Set Instant Pot to Sauté Mode, Normal Heat. Melt butter in Instant Pot.
Add onion. Cook until softened, approximately 4 to 5 minutes.
Reduce heat to Low Heat. Add serrano chiles, garlic, and ginger. Cook approximately 10 minutes, stirring occasionally, until mixture develops a nice, even, toffee-brown color. Should mixture start to dry out or stick, add water as needed, 1 to 2 teaspoons at a time. If cooking over Normal Heat instead of Low, monitor the mixture closely, or it will burn.

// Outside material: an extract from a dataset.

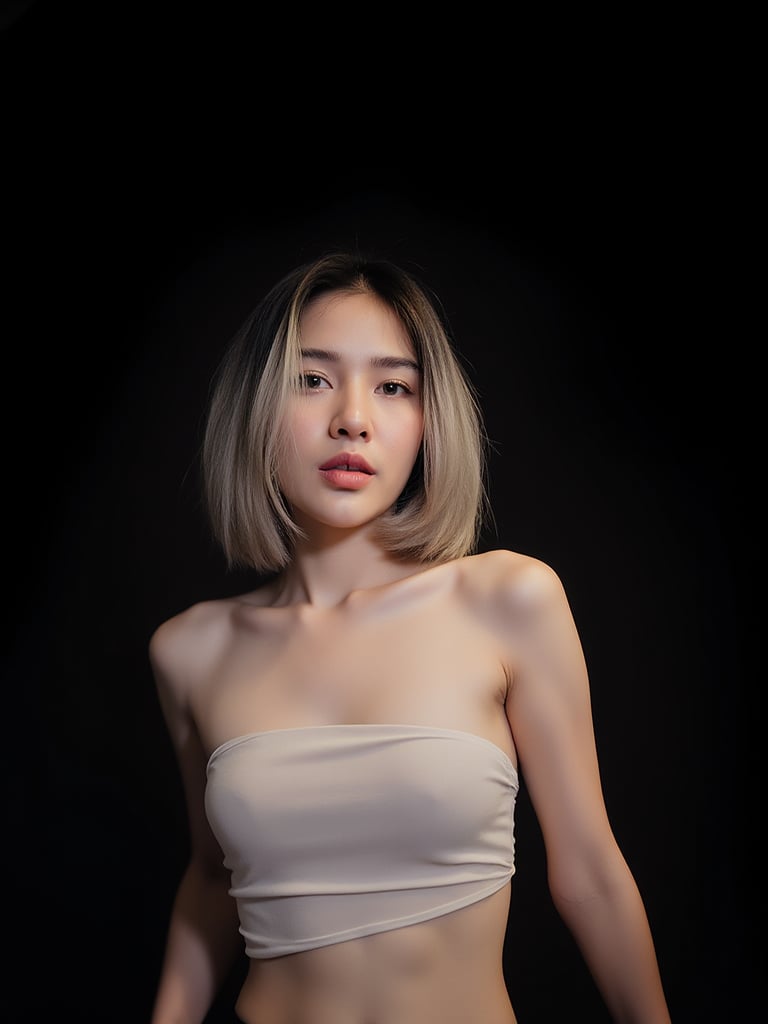 A photo of a 22-year-old thai woman with half-Korean heritage.openm shirt . She selfie. The photo was taken on film using flash photography. The background is black. The lighting is professional.ฺBANG HAIR, BLONDE FADE black hair,take off cloth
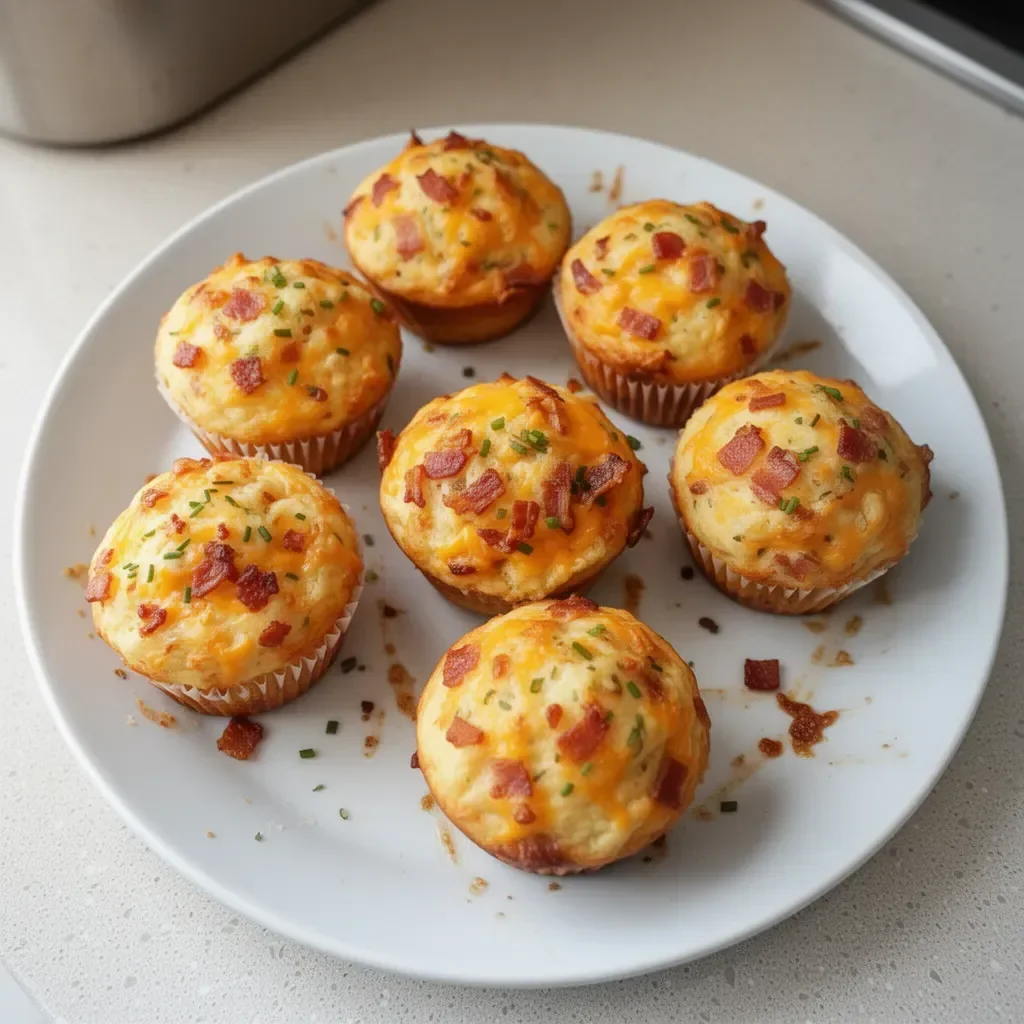 Savory bacon cheddar muffins fresh out of the oven, perfect for breakfast.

Once desired color is achieved, add garam masala and paprika. Stir well. Cook 1 to 3 minutes, or until fragrant. Should mixture start to dry out or stick, add water as needed, 1 to 2 teaspoons at a time.
Add tomato sauce. Stir well.
Transfer mixture to blender and blend until smooth. See Notes for tips on blending hot liquids.
Return mixture to Instant Pot and set heat to Normal Heat. Simmer 15 to 25 minutes or until thick and paste-like.
Add chicken (and its marinade), sliced bell pepper, fenugreek leaves, and salt. Secure lid. Cook on Manual High Pressure for 6 minutes. When time is up, carefully Quick Release.
Add heavy cream. Stir until smooth. Taste and adjust seasonings, adding more salt or fenugreek leaves as necessary.
Divide into portions. Optional: Garnish with chopped cilantro. Serve over basmati rice with naan.